Je suis convaincu que pour les gens comme Daniel Pecaut, l’exemple d’Alfonso Cano et le dévouement désintéressé de milliers de combattants des FARC-EP qui ont donné leur vie pour un nouveau pays, ne sont que quelques faits insignifiants. Mais pas pour notre peuple. Alfonso, avec lequel le professeur s’est sûrement croisé dans les couloirs de l’Université nationale, a sacrifié tout un avenir de réalisations personnelles dans le domaine universitaire, pour croire en une cause collective. Cela implique une grandeur qui semble incompréhensible pour un certain type d’intellectuels. Mais pour ceux qui travaillent pour un meilleur pays, c’est plus que clair et cela nous indique que nous sommes sur la bonne voie.

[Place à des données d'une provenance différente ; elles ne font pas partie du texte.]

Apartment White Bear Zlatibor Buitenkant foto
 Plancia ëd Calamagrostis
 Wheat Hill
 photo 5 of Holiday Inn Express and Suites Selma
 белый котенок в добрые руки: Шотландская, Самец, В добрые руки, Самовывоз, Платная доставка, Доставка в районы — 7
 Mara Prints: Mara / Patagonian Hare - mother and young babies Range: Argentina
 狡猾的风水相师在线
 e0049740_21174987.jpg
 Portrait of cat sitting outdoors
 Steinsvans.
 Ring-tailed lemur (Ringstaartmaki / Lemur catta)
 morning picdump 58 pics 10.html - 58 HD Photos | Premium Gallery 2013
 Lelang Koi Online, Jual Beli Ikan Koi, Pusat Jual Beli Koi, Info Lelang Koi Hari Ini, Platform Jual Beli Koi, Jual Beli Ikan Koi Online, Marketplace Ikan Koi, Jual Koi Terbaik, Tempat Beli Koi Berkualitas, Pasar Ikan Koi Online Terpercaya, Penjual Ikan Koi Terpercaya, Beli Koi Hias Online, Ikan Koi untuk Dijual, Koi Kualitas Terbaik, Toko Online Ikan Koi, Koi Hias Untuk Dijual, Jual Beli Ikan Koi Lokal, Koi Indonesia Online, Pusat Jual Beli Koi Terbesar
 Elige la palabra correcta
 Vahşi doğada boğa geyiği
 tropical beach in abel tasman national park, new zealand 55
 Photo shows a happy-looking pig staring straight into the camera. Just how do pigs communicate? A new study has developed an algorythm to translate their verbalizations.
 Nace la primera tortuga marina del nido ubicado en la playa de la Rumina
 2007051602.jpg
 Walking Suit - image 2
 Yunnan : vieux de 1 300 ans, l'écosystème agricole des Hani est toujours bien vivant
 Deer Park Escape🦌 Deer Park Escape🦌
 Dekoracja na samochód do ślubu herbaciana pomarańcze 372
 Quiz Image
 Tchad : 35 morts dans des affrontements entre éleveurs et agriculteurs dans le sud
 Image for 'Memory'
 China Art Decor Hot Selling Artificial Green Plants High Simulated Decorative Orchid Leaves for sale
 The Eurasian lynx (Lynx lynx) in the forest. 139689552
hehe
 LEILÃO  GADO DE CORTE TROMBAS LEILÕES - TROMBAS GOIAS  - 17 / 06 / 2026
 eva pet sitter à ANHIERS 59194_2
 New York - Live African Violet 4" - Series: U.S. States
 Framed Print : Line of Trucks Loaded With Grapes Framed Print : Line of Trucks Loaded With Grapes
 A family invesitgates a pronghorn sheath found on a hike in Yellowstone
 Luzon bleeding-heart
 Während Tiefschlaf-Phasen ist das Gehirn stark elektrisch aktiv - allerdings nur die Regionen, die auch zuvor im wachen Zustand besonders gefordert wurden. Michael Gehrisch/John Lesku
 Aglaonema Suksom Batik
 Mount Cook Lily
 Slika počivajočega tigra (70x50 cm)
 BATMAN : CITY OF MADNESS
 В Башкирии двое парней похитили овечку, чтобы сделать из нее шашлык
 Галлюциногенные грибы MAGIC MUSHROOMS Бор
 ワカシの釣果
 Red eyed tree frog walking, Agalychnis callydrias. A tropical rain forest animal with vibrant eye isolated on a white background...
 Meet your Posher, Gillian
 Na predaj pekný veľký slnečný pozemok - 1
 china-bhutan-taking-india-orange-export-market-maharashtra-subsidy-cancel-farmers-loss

Maintenant, sur la prétendue incapacité dont nous faisons preuve, les militants des FARC, pour produire de nouvelles idées, qui occupe les positions de la réaction à l’intérieur de l’universiténe peut pas avoir beaucoup à dire. Contrairement à ce que vous affirmez, de nouvelles idées et des propositions pour un nouveau pays, nous en avons pas mal, au sein des FARC-EP. C’est pour cela que nous sommes à La Havane, pour cela nous construisons une alternative au pouvoir et pour cela même l’establishment est obligé de dépenser beaucoup d’argent pour acheter des journalistes et des professeurs qui le défendent et déforment la vérité pour justifier l’inégalité et l’injustice.

Pécaut prétend mesurer la conséquence et la capacité théorique des FARC. Nous vous renvoyons le défi : Quelle a été votre position en tant que professeur et intellectuel à l’université lors de la dernière crise ? Qu’avez-vous à dire à un mouvement d’étudiants courageux, comme celui de la grève de 2011 ? Avec qui étiez-vous à cette époque ?

Avec les idées avancées qui clamaient une éducation gratuite et de qualité, ou avec les rétrogrades qui prétendaient maintenir une éducation privatisée, seulement pour les élites ?

Tous les efforts visant à réconcilier la nation colombienne sont bienvenus, professeur Pécaut. Mais ne prétendez pas que cela peut être fait en piétinant notre histoire de rébellion et notre engagement révolutionnaire.

Vous me faites penser, professeur Pécaut, à un certain paysan de El Pato, à qui, dans mes premières années de guérilla, j’ai voulu dicter un cours de marxisme-léninisme. L’homme était en train de scier, et il sciait sans me prêter la moindre attention. Quand je me suis plaint de cela, il m’a répondu :"continue compagnon, continue de dire des conneries pendant que je travaille." Nous pouvons dire maintenant au professeur la même chose : continuez, continuez professeur, de dire des conneries pendant que nous essayons de résoudre le conflit et chercher des solutions civilisées à cette longue et sanglante guerre.

Pablo Catatumbo

–----------

* Mouvement libéral progressiste conduit par Jorge Eliecer Gaitán, assasiné el 9 abril 1948.

** adeptes de Alvaro Uribe Vélez, qui représente l’extrême droite guerrière, impliquée dans les scandales de l’insertion de paramilitaires dans tous les niveaux de l’administration publique et des exécutions par l’armée de jeunes de quartiers pauvres, afin de gonfler les résultats de la lutte contre-insurrectionnelle.